Don Senén se quedó mirándolos. Había algo en la actitud de ambos que le resultaba sospechoso. “Es normal que no me fíe –se dijo–, éstos nunca son del todo claros. Aunque trayéndose lo que se traen entre manos, a lo mejor yo tampoco lo sería”.
–Cualquier médico –explicó– advertiría una muerte por envenenamiento si se usa cualquiera de los venenos habituales. Tendría que ser uno poco corriente y que se pueda conseguir sin tener que dar explicaciones de para qué se va a utilizar.
Se dirigió a una estantería y cogió una libreta con pastas de hule. La estuvo ojeando hasta llegar a una página. Levantó la vista y dijo:
–Aquí está: la ricina. Es poco conocida porque solo se usa como veneno desde hace unos cuantos años. Además, la planta es fácil de conseguir. Aquí mismo en el monte he visto varias, los pastores la llaman “higuera infernal”. Una vez que me haya hecho con la planta, será fácil procesarla en la botica… Sí, creo que la ricina es la mejor solución para acabar con ese sargento sin dejar pistas.
–¿Tardará mucho en morirse? –preguntó Pedro–.
–Depende –respondió don Senén– de si entra en el cuerpo por ingesta, por inhalación o por inyección. Si es por ingesta, los primeros síntomas empezarán a producirse a las seis horas; si es por inhalación o por inyección, a las ocho. Lo normal es que la muerte se produzca en un día y medio o dos.
–¿Y usted cómo ve mejor que se le envenene? –preguntó Juan Ruiz–.
–Sin duda, por inhalación… respirándola quiero decir. Los otros dos medios son más complicados: para administrarla por la boca se necesitaría encontrar a alguien de mucha cercanía con ese sargento. Igualmente, hacerlo sirviéndose de una aguja hipodérmica tiene el inconveniente, primero de que va a dejar huella en su piel; y después, que quien lo haga tendrá que enfrentarse con él cuando se la inyecte. Por inhalación, en cambio, es más fácil, sobre todo porque para matar solo hace falta una dosis muy pequeña: cabría en la cabeza de un alfiler.
–¿Ese veneno lo matará seguro? –volvió a preguntar Juan Ruiz–.
–No se conoce antídoto contra él, pero también es verdad que hay veces en que falla… Muy pocas, desde luego, si la dosis administrada es suficiente. Aunque la solución es sencilla: si no conseguís cargároslo a la primera, repetís el intento y ya está.
Corbacho y el otro se miraron sonriéndose.
–¿Y cómo conseguiremos que respire el veneno? –preguntó Juan Ruiz–.
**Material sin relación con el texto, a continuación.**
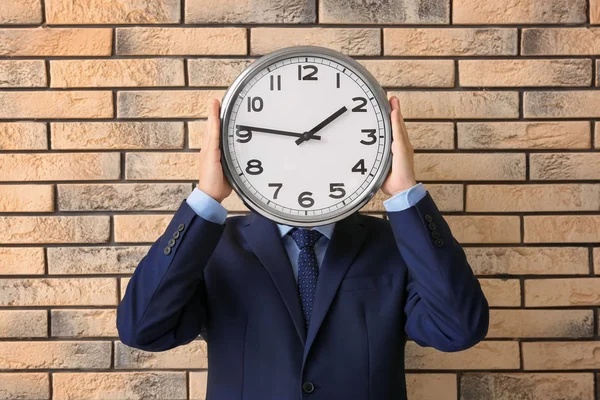 Un uomo che tiene l'orologio su sfondo mattone. Concetto di gestione temporale — Foto Stock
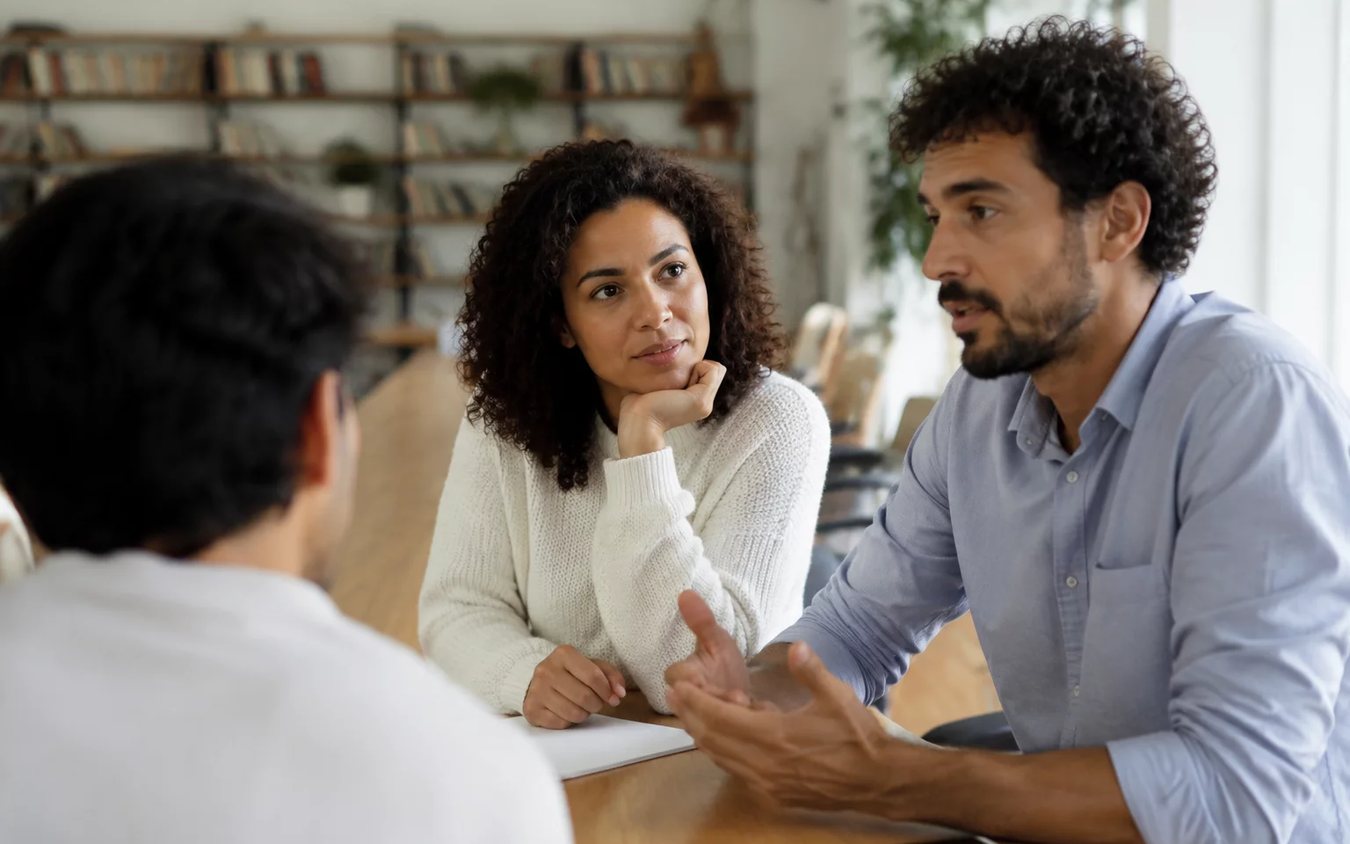 Três participantes conversam ao redor de uma mesa comprida numa sala clara de janelas altas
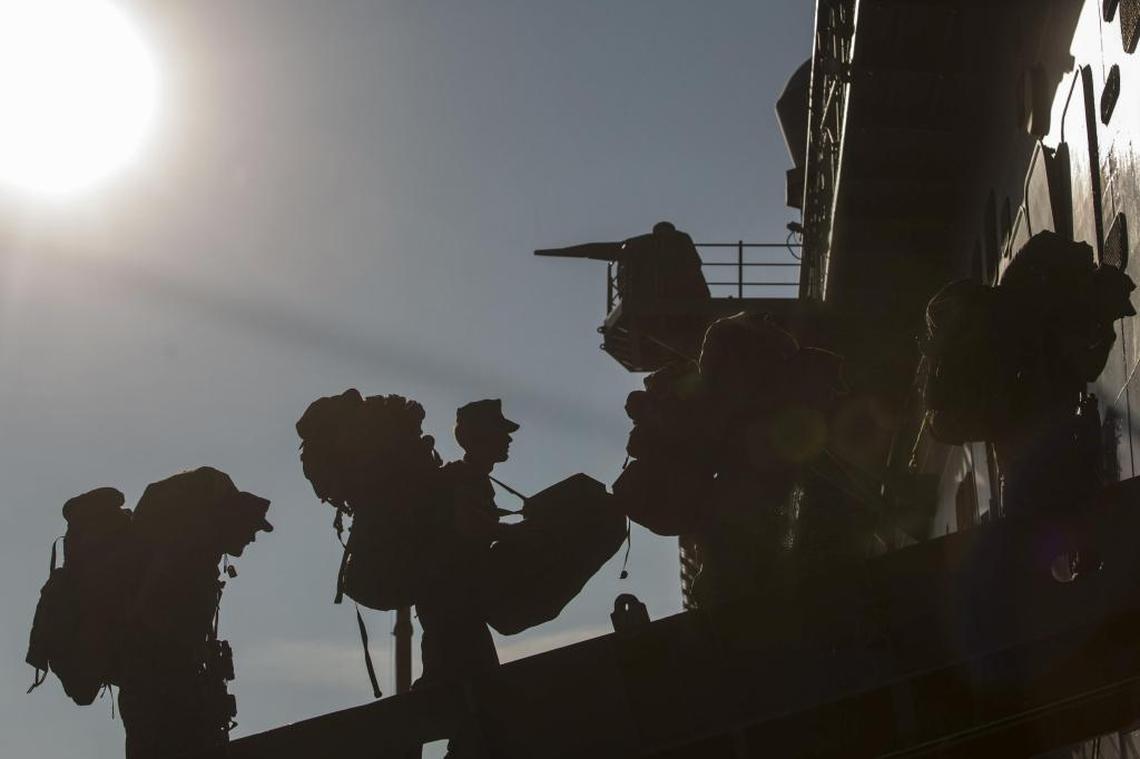 Marines board the USS Kearsarge at Naval Station Norfolk, Va., on Aug. 30, 2017, to join Hurricane Harvey relief efforts in this Pentagon handout photo. The troops and warship have since been put on standby for Irma relief efforts.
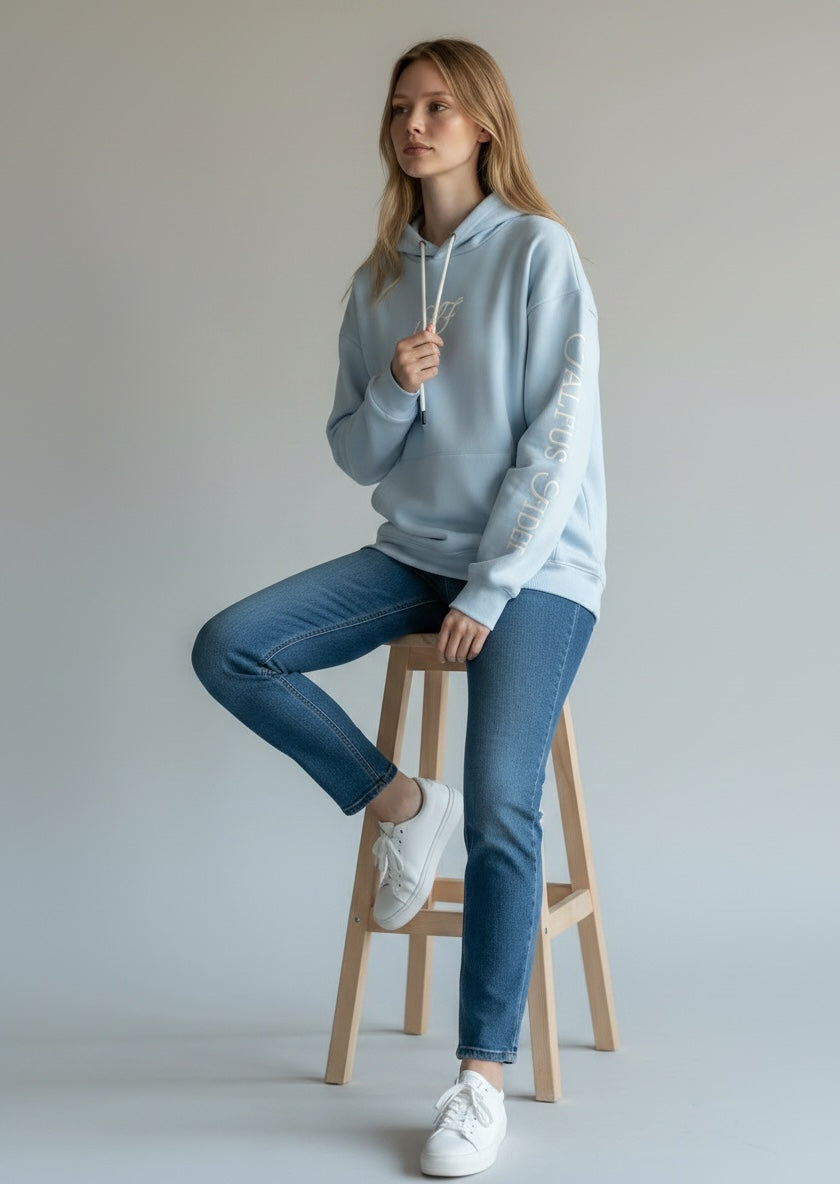 Model wearing the sky blue Saltus Fidei hoodie, alternate studio angle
El boticario se quedó pensando. Al cabo contestó:
–Prepararé el veneno en forma de polvo y espolvorearé con él el interior de un sobre, que cerraremos con cola para que solo se pueda abrir la solapa con un abrecartas o un cuchillo. En cuanto ese sargento la corte, el veneno se esparcirá por el aire y se introducirá por su nariz y su garganta.
–Parece buen plan –replicó Juan–.
–Solo debéis aseguraros –advirtió el boticario– de que sea el sargento quien abra la carta.
Corbacho y el otro volvieron a mirarse. Dijo Ruiz:
–Para tener la seguridad de que nadie que no sea ese cabrón la abra, tendremos que contar con la ayuda de alguien cercano a él… Se me está ocurriendo quién.
Hizo una pausa y preguntó al boticario:
–Muy bien, don Senén. ¿Cuándo podría usted tener preparado el veneno? Hay que cargarse a ese hijo de puta lo más pronto posible. Se dice que lo van a destinar ya mismo a África y, si cruza el estrecho, adiós ejecución.
–Dadme tres o cuatro días –respondió el boticario–.
Se habían despedido ya de él, cuando Corbacho se dio la vuelta y le preguntó componiendo una mueca extraña:
–Don Senén, una curiosidad: ¿Sufrirá ese cabrón antes de morirse?